Testing costs plenty: in engineering effort, license fees, and hours on the clock. Are the payoffs worth those expenses? How can we ever be sure?
Organizations, for example, invest heavily in test automation to find defects early and release faster. The process usually starts with hiring skilled testers, forming an automation team, and building an automation framework with the plethora of tools and frameworks available these days.
Once considerable time is spent building and configuring the framework, teams start integrating the tests into their CI/CD (continuous integration and delivery) pipeline and make them run periodically based on checked-in code. Most teams come to the conclusion that this is the endpoint of the entire automation creation and execution cycle.
But one more critical aspect of test automation remains: teams need to spend time and research on measuring the success of the automated tests. Too often, teams know what they put into a project, but finishing so wears them out that they don’t consider what came out from the project.
Let’s examine alternative metrics teams might use to bring value squarely back in focus.
Good metrics for automation success
Here are good metrics to consider, depending on the context of the project and the team.

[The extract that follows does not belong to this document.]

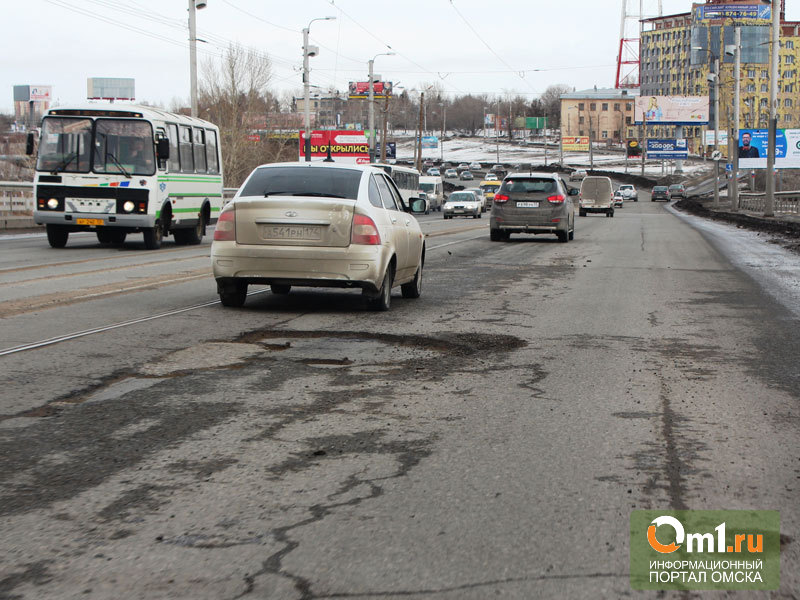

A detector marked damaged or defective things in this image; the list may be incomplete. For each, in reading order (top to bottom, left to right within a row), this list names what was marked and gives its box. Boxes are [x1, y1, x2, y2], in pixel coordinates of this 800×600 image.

These metrics reduce the ambiguity in measuring automation success and thereby provide more information that helps make decisions.

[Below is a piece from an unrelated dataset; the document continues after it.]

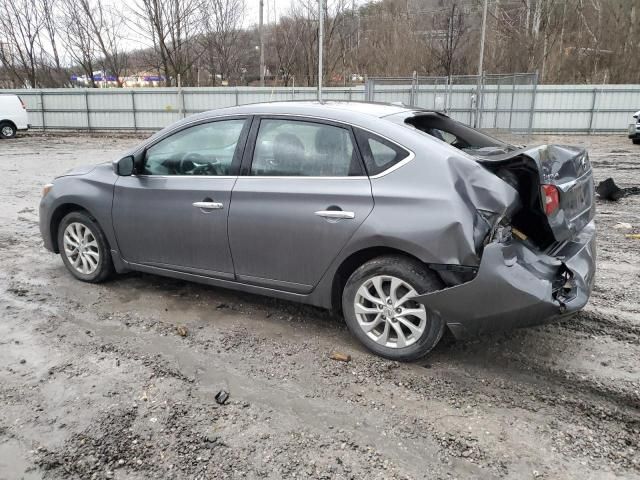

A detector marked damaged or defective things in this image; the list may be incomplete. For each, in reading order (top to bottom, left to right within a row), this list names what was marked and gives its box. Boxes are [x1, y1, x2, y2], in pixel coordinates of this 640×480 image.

rear-end collision damage [416, 144, 596, 340]
damaged bumper [416, 220, 596, 338]
broken tail light [540, 184, 560, 216]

Be ready to label certain metrics as “KPIs” when speaking with colleagues on the managerial or business sides of the business, because “key performance indicator” is the preferred term of art for strategizing in those circles.
Counts of completed tests
Difficulties with simple-minded counts abound, and a few of these appear in the selection below. Basic aggregates through time of total tests completed, along with their outcomes — pass, fail, inconclusive, and so on — are so fundamental that they’re almost always worth keeping. These are important to sum over both automated and non-automated tests, and over both user interface (UI) and application programming interface (API) requirements. If an automation project leads to a decline in total tests completed per day or week, for example, something is almost certainly wrong.
Notice that some metrics — time saved, or percentage of defects found, for instance — are simple to “score”: more is better. These are easy for organizations to adopt as KPIs. In contrast, charts through time of completed test count categories aren’t “grades” of this sort. The point with these counts isn’t just to rack up a big score, but to hint at a deeper story. Counts of completed tests are valuable to the extent they lead to follow-up questions: why did manual tests suddenly find no defects in weeks three and four? If trends continue, how many tests will need to be run in week twenty to find a single defect? Do we have a good system for managing reports of defects which share a root cause?
Testing time saved
One of the main reasons for building automated tests is to save valuable manual testing effort. While the automated tests repeat mundane testing tasks, testers can focus on the more critical and higher priority tasks, spend time exploring the application, and test modules that are hard to automate and need extensive critical thinking.
The amount of testing time saved is a good metric to assess value provided to the team. For example, in a two-week sprint, if the automated tests reduce the manual testing effort from two days to four hours, that is a big win for the team and the organization — and it converts into money saved — so such measurements should be tracked and communicated.
The flakiness of automated tests
If the team spends four months building a robust automation framework, then spends more time maintaining the automated tests than actually using them to find defects, the entire effort is wasteful. Surprisingly, this is a common problem in teams; their tests are unstable and keep failing due to multiple factors. As a result, teams stop trusting the automated tests and eventually decide to go back to testing features manually.
It is important to start with a small number of tests, run them constantly, identify flaky tests and separate them out from the stable tests. This methodical approach helps to raise the value of automated tests.
Number of risks mitigated
Testing needs to be prioritized based on risks. These could be unexpected events that would impact business, defect-prone areas of the application, or any past or future events that could affect the project.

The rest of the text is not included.